Il faut aussi réformer en profondeur. Je suis un partisan de la VIe République. Il faut bâtir une République dans laquelle le citoyen soit mieux représenté, placé au cœur de notre démocratie, à travers un parlement revitalisé. Et pour cela, il faut un non-cumul des mandats strict, un mandat parlementaire unique, un nouveau statut de l’élu. Il faut aussi régénérer notre système politique dans ses pratiques, en instituant un contrôle du gouvernement, de sa politique budgétaire, en créant des commissions d’enquête sur, par exemple, l’appropriation de nos moyens de communication par les magnats industriels, en réformant la fiscalité locale et nationale souvent source de confusion et de sentiment d’injustice, et parce que toute grande décentralisation et réforme de l’État doit être accompagnée par une réforme des ressources.
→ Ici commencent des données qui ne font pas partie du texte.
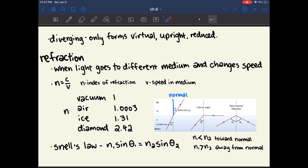Hi everyone, today we're continuing chapter 8 of Physics for the MCAT, and we're going to start with refraction. Refraction is when light moves from one medium to another and therefore changes speed. This is defined by the index of refraction, which is denoted by the letter N, and it's defined as the speed of light in a vacuum divided by the speed of light in your particular medium.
Je crois, donc, que les solutions à cette crise de la démocratie s’articulent autour de différents thèmes ; autour du rapport de la France au monde, à elle-même, à la réhabilitation de l’idée de nation – que la gauche mais aussi la droite républicaine ont abandonné à l’extrême droite ; ensuite autour de l’édification d’une nouvelle citoyenneté, à travers une nouvelle République, mais aussi à travers des rapports politiques, économiques et sociaux, renouvelés. Au cœur de tout ce dispositif, il faut desserrer l’étau et faire en sorte que l’on puisse à nouveau progresser dans cette société. Les sociétés anglo-saxonnes, américaines ou anglaises sont sans doute injustes, bâties sur un autre modèle, une autre histoire, où l’acte individuel est sans doute plus important que l’acte collectif, mais ce sont des sociétés où malgré la dureté de la vie, les citoyens ont le sentiment qu’ils peuvent progresser. Nous qui avons un modèle plus équilibré, plus égalitaire, nous l’avons bloqué. Et c’est évidemment ce modèle qu’il faut débloquer. En laissant plus de place à l’initiative tout en conservant nos "gardes fous" sociaux.

AVez-vous l'impression que, dans cette campagne, les choses sont en train de bouger ? Y voyez-vous des signes positifs ?
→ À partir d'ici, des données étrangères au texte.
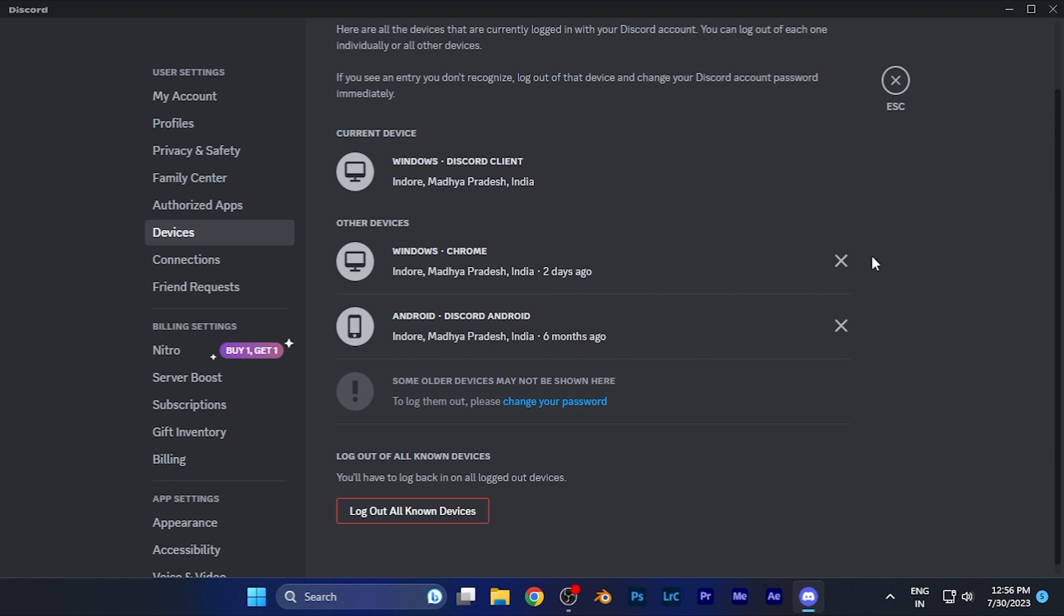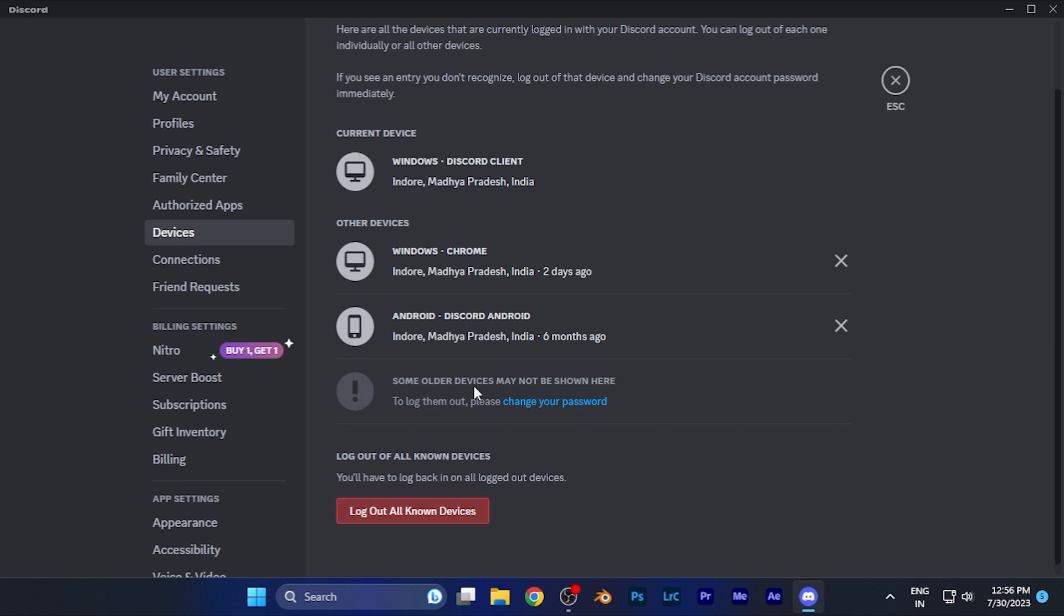You can log out from all the devices one by one by clicking the X, or simply click on the button 'Log Out All Unknown Devices.' When you click on this, all the other devices that are not currently using that account will be logged out—the devices that you are currently not using.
Cela dépend. Il y a des signes inquiétants. L’explosion des banlieues, il y a un an et demi, en est un. La braise couve toujours sous la cendre dans ces quartiers. Tant que l’on n’aura pas fait de la construction ou de la reconstruction de ces quartiers populaires une priorité, on n’aura pas compris que l’avenir du pays se bâtit là et que, par conséquent, l’essentiel est là. Si on ne s’attaque pas aux problèmes de ces quartiers, on ne s’attaque pas aux vrais problèmes de la France. Mais si l’on reste sur le terrain proprement politique de cette campagne présidentielle, je vois plusieurs signes encourageants. D’abord, le fait que les principaux candidats soient nouveaux et n’aient jamais été candidats à la présidence de la République.

Ce sont, donc, des candidats neufs : dans le langage, dans l’expression, dans les pratiques, dans la manière de s’adresser au pays, c’est plutôt une bonne chose, surtout si on rajoute le quinquennat qui accélère les choses. Et puis, cette idée de démocratie participative, portée par Ségolène Royal, est une tentative intelligente de rapprochement avec les citoyens au nom de la proximité. Ce que nous faisons en tant que maires – c'est-à-dire articuler un projet global pour notre ville en matière d’urbanisme, de développement économique ou d’aménagement du territoire, tout en étant près de nos concitoyens en matière de sécurité, d’emploi, de logement, de petits travaux dans les quartiers – aujourd’hui, un responsable politique l’articule au niveau national. Je rajouterai à cela l’appétit de nos compatriotes pour le débat politique.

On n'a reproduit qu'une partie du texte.